### Your task
Reproduce without any pictures the lines from the one that contains "Across The Ocean" through the end of the records, exactly as written.

### Dataset extract
——————

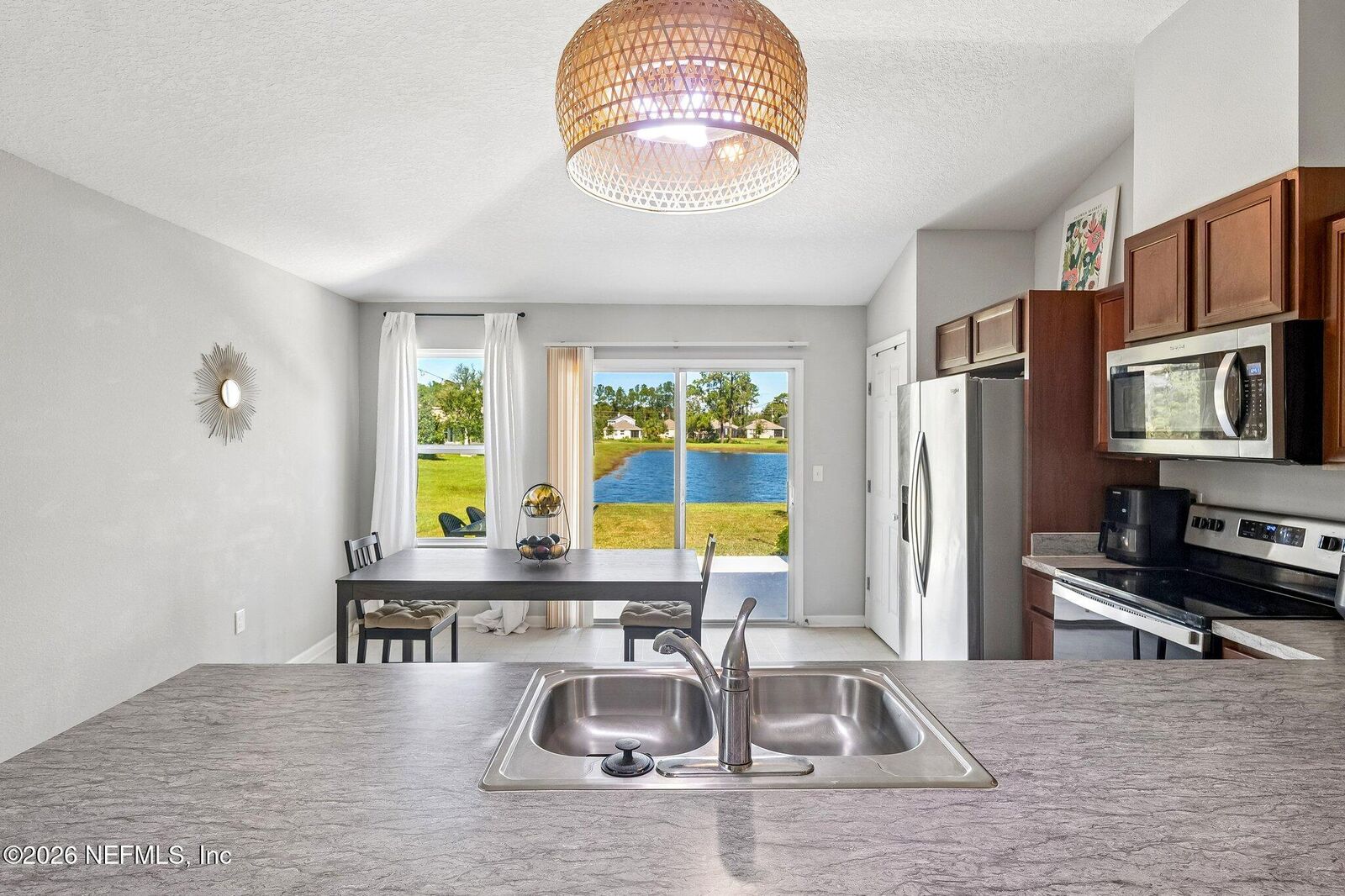 Property Photo: 1839 Maxine Branch Way FL 32218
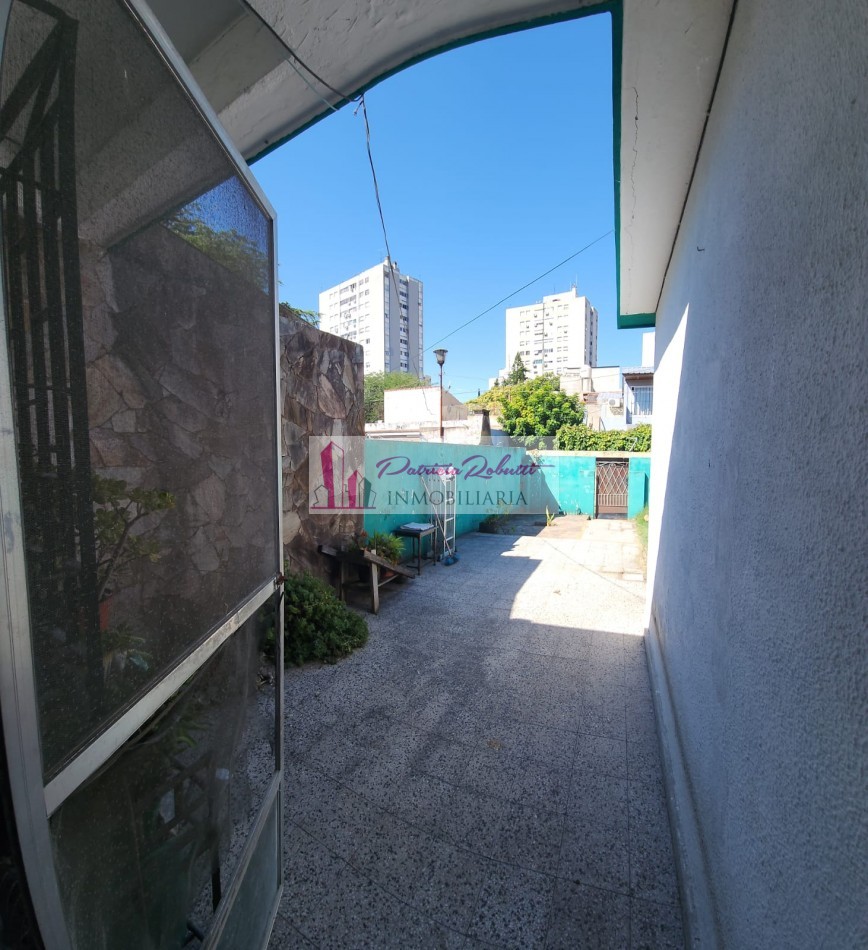 EN VENTA CASA 4 AMB CON PARQUE VILLA CELINA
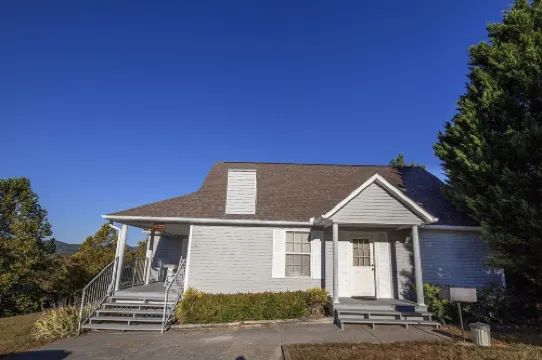 Our Tennessee Mountain Home - Great Location! Close to All the Action! 2 Bedroom Cabin by Redawning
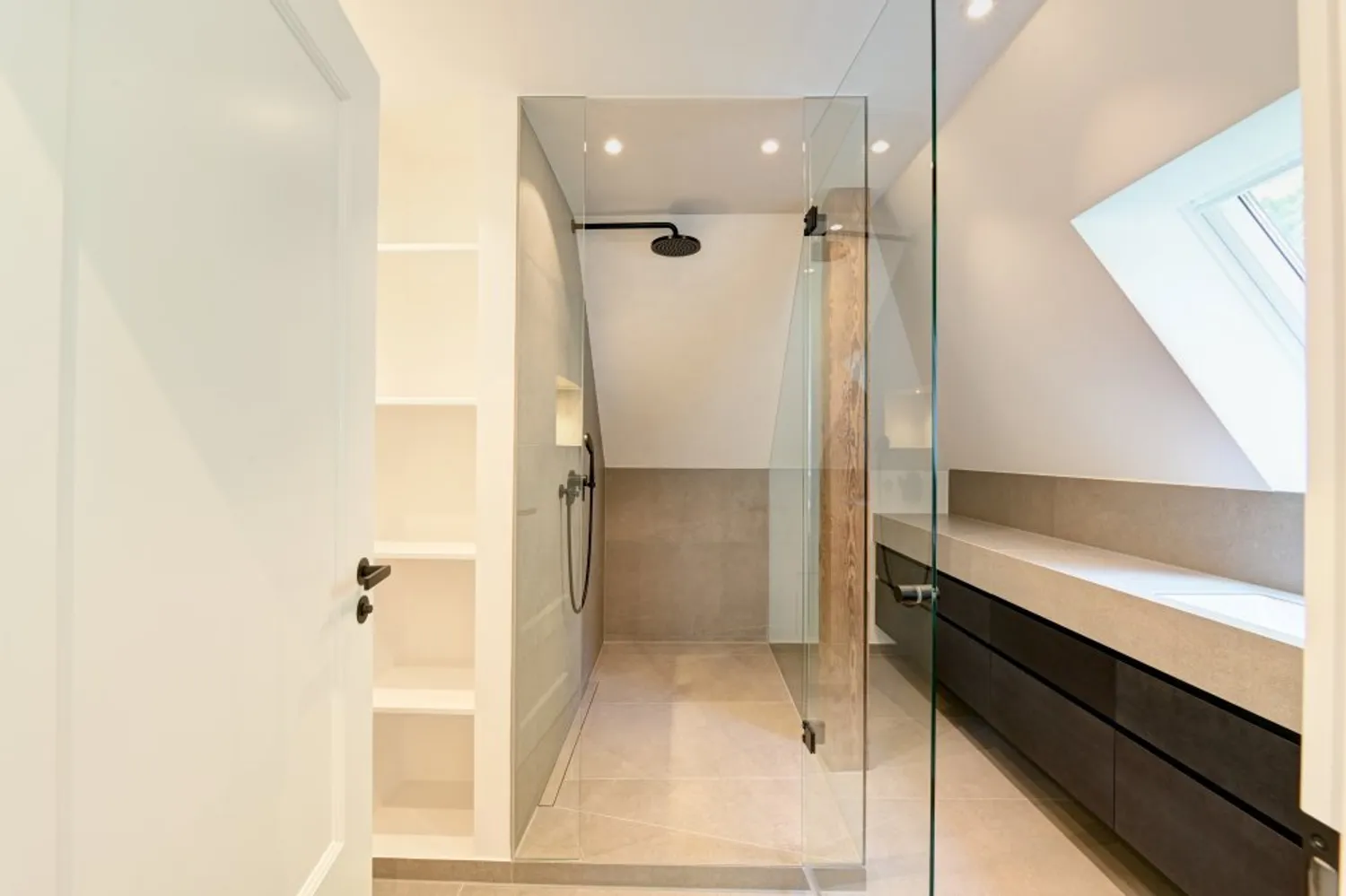 4 Zimmer Wohnung mit 145 m² in München – Bild 10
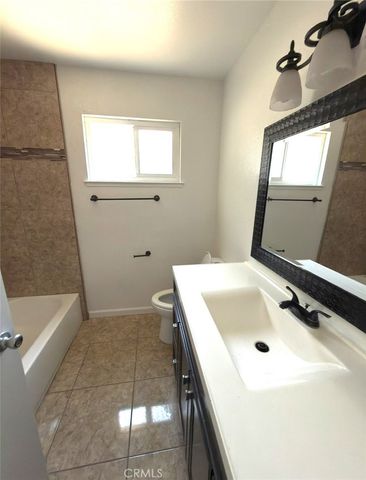 2365 Fordham, Clovis, CA 93611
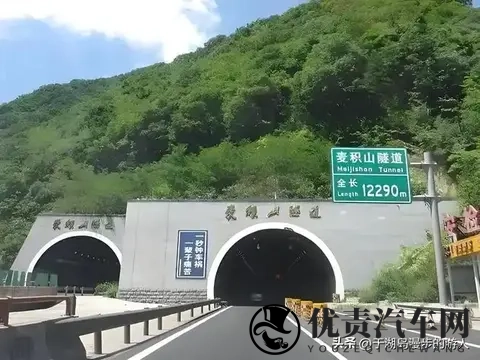 高速隧道遇“龟速车”?超不了别硬刚!交警亲授6招,新手安心过-2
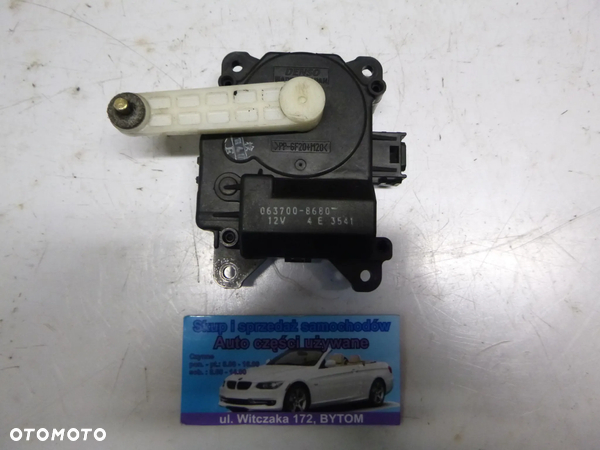 SILNICZEK NAGRZEWNICY TOYOTA AVENSIS II T25 2003r  063700-8680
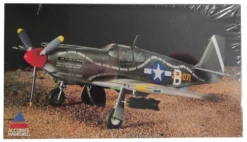 Maquette Avion A-36 Apache -Jouets Modèles Magasin accurate miniatures s1193401 a 36 apache 2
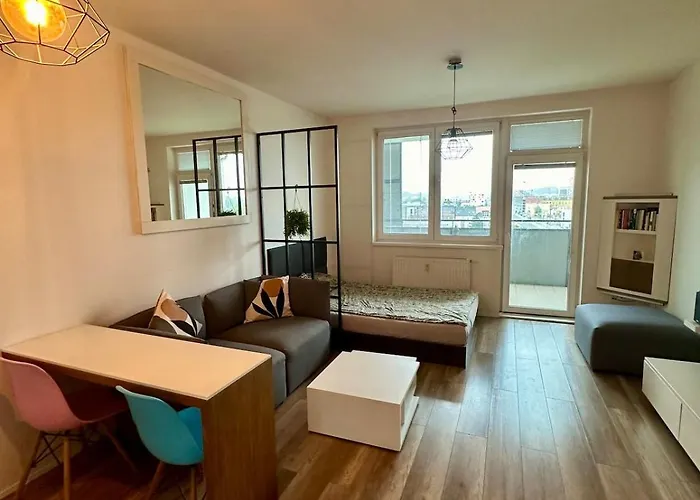 Terrace Near Centre, Parking, River Park Apartament *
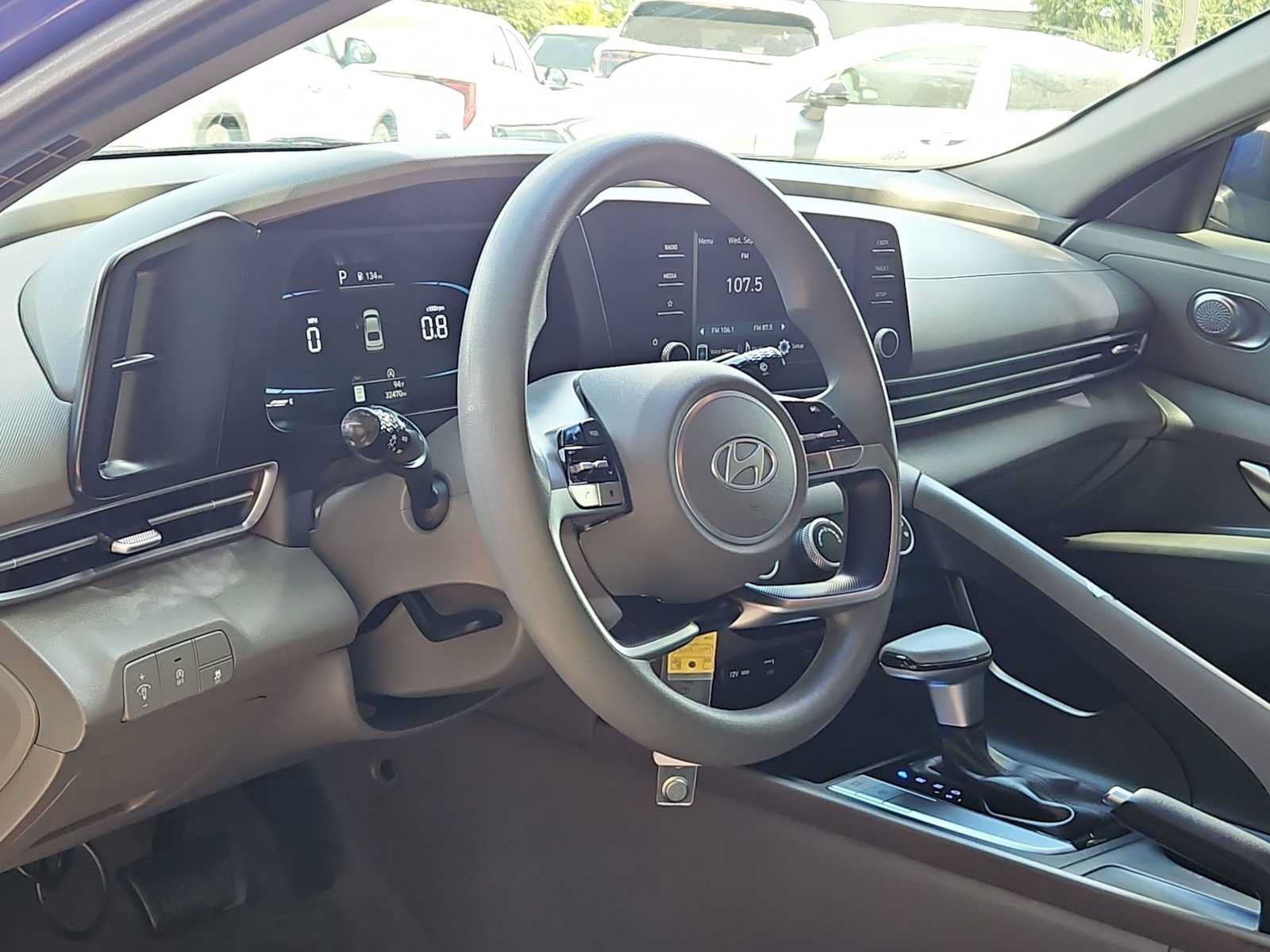 Used 2025 Hyundai Elantra SE FWD image 2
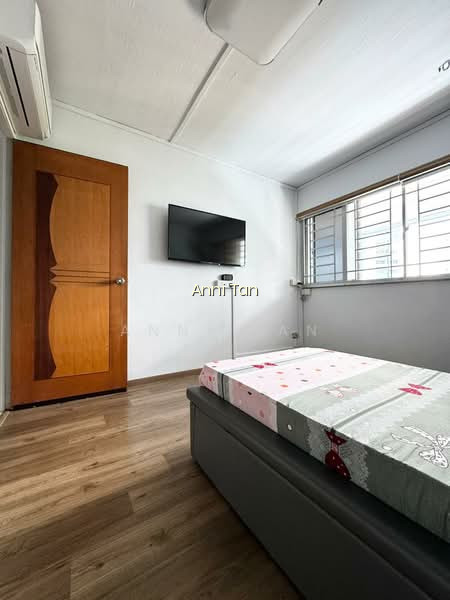 124 TAMPINES STREET 11 image 1 of 10
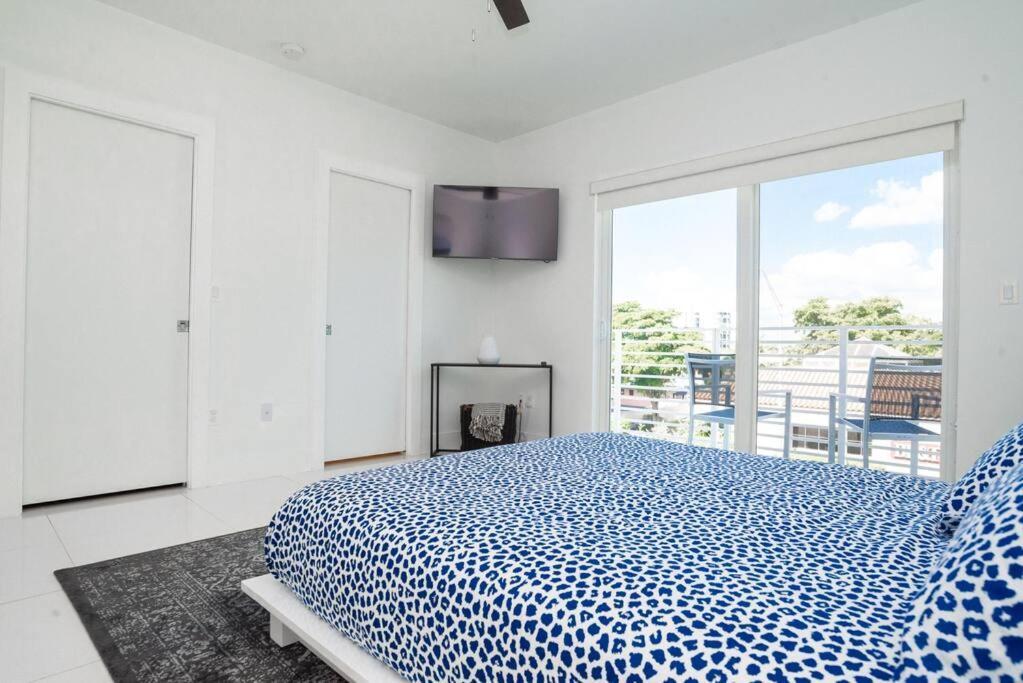 Across The Ocean Few Steps To Beach Contemporary Three Bedroom Townhouse Pompano Beach Eksteriør bilde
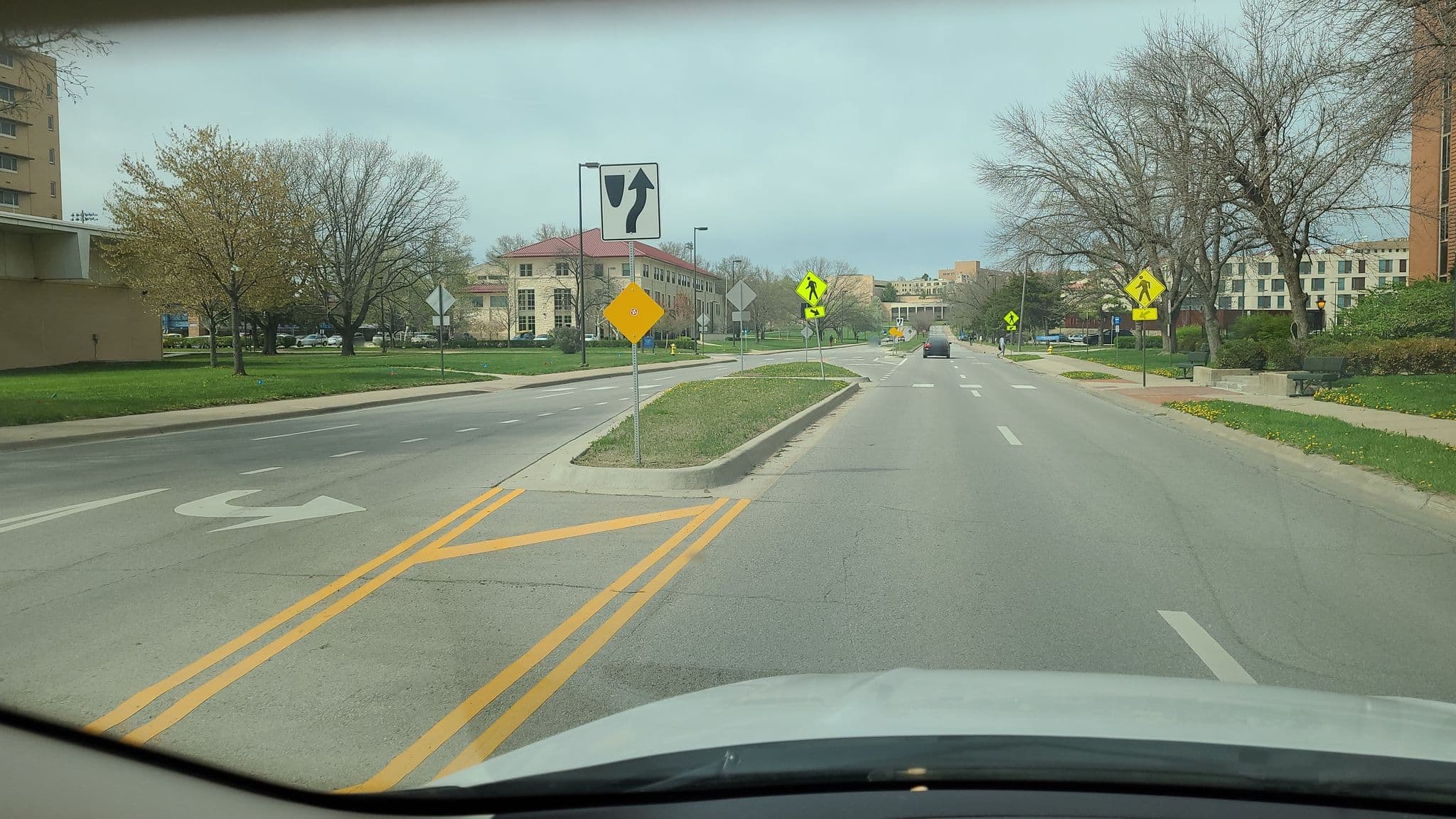 Street view near Naismith Hall Room 431, Lawrence — © kgonterwitz21 (CC BY-SA · Mapillary)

——————

### Final answer
 Across The Ocean Few Steps To Beach Contemporary Three Bedroom Townhouse Pompano Beach Eksteriør bilde
 Street view near Naismith Hall Room 431, Lawrence — © kgonterwitz21 (CC BY-SA · Mapillary)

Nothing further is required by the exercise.